Cairo flicked from me to her. “Rain, let me make this clear: I did not kill this woman. I don’t know her. Now why don’t you make clear why you think otherwise?”
The arrow shook. “I said that’s not going to work,” I hissed. “Nice shoes, Sharpe.”
“My shoes? What the fuck are you on about?”
“Those are the same black shoes the Letter Man wore— I said don’t move.”
Cairo kept coming, advancing on me, predator’s glint in his green pools. He reached for me, and I fired.
“Fuck!” Diving out of the way, the arrow caught his shoulder, ripping a tear through fabric and skin. Cairo flashed and snatched my bow before I readied another to finish the job.
“I don’t know who the fuck the Letter Man is, Rain!” He flung the bow behind him. “Tell me what’s going on?”
“You tell me,” I said, backing away. “What are you doing here?”
“You’ve been gone for hours. You didn’t pick up your phone.” Cairo pushed to his feet, clutching his bleeding shoulder. “I’ve long since learned when I can’t find my pet, it means she ran back home.”
Watching me backing away, Cairo probed Bella’s neck. He cursed under his breath. “What happened here?” His gaze continued to the kitchen, and the setup rigged to kill Bella the moment I entered. “Explain. Now.”
Chest heaving, I replied, “I was told to come here by the man who’s been tormenting and fucking with my life for weeks, after he took over for his buddy Cavendish. He said we’d meet tonight... then you walked through the door.”
“I am not the man you came here to meet. Or the man, I assume, who killed this woman.”
I wasn’t giving in that easily. Not while Bella’s blood stained the floor. “Then why are you wearing those shoes, Sharpe? Why are you dressed like that?”
“I had an invitation to dinner. The boss has a dress code,” he said simply. “You done interrogating me? Ready to share what the fuck is going on?”
“Promise me.”
“What?”
“Promise me!” I cried. “Promise you had nothing to do with this. Swear you’re not him.”
“That’s it? A promise is going to convince you after this!” He motioned to his bleeding wound. “Should’ve said that from the fucking beginning, woman. I promise.” The furious oath was a dagger through me. “I did not do this, Rain. I don’t play these games. Not with you.
“With you I don’t have to.”
I didn’t want them to. I fought through my rage and grief to hold it back, but deep down, his words were penetrating.
“I came here to find you. No other reason,” he said, “and as a result I’m getting my blood all over a crime scene. Tell me why.”
“Bella,” I rasped. “Bella, she—”
I broke down, collapsing sobbing on the floor. I think I went on trying to tell Cairo what happened, but he couldn’t understand me, and I couldn’t understand at all.
Why had the Letter Man done this? It wasn’t enough he held her life over my head. It wasn’t enough to torture me and demand more blood on my hands. In the end, he punished my deceit by making me what I refused to be.
It was me who loosed the arrow that ended her life. He forced me to kill her.
He made me watch her die.
Hands circled me, lifting me up.
“No.” I was carried out. “We can’t leave her. Cairo, we can’t—”
“Shh,” he crooned. “We’re not going far. You need to tell me the whole story, and you can’t do that next to her.”

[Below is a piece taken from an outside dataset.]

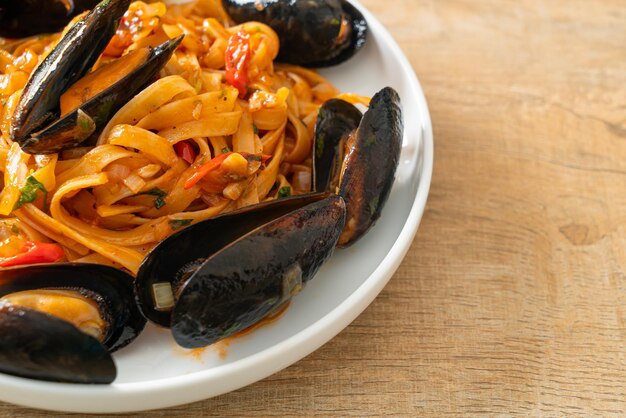 Macarrão espaguete com mexilhões ou amêijoas e molho de tomate - comida italiana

Cairo dropped the tailgate and set me on the truck bed. He walked away, making me cry out, but soon returned carrying a first aid kit. He dropped it on my lap.
“Fix your mess while you talk.”
Cairo climbed in the back and tugged me sniffling after him. Leaning against the truck, he winced shoving the torn fabric down.
The gash wasn’t too deep but still nasty. He waited, expecting me to care for him. It took some time for my shaky hands to pry off the lid, and take out the bandages and antiseptic.
A grimace was all he afforded me as the liquid bathed his wound.
“Talk,” he ordered.
It came slow, but it came. “Months ago, I started receiving these letters on my doorstep. Creepy, terrifying rants and riddles warning me that if I didn’t find and kill them before Ruckus Royale, they’d choose someone to sacrifice that night.”
I dabbed around the cut, cleaning the blood. Somehow, the task was calming me—giving me something to focus on.
“You know how that story ended,” I whispered. “I discovered the man was Cavendish and his victim, Jennifer Wilson. He said either he died that night or Jennifer did. I chose Jennifer and a text with her location came less than twenty minutes after he died.
“I rescued her and got to believe for all of one night that it was over. That was until I came home and found another black letter on my porch.”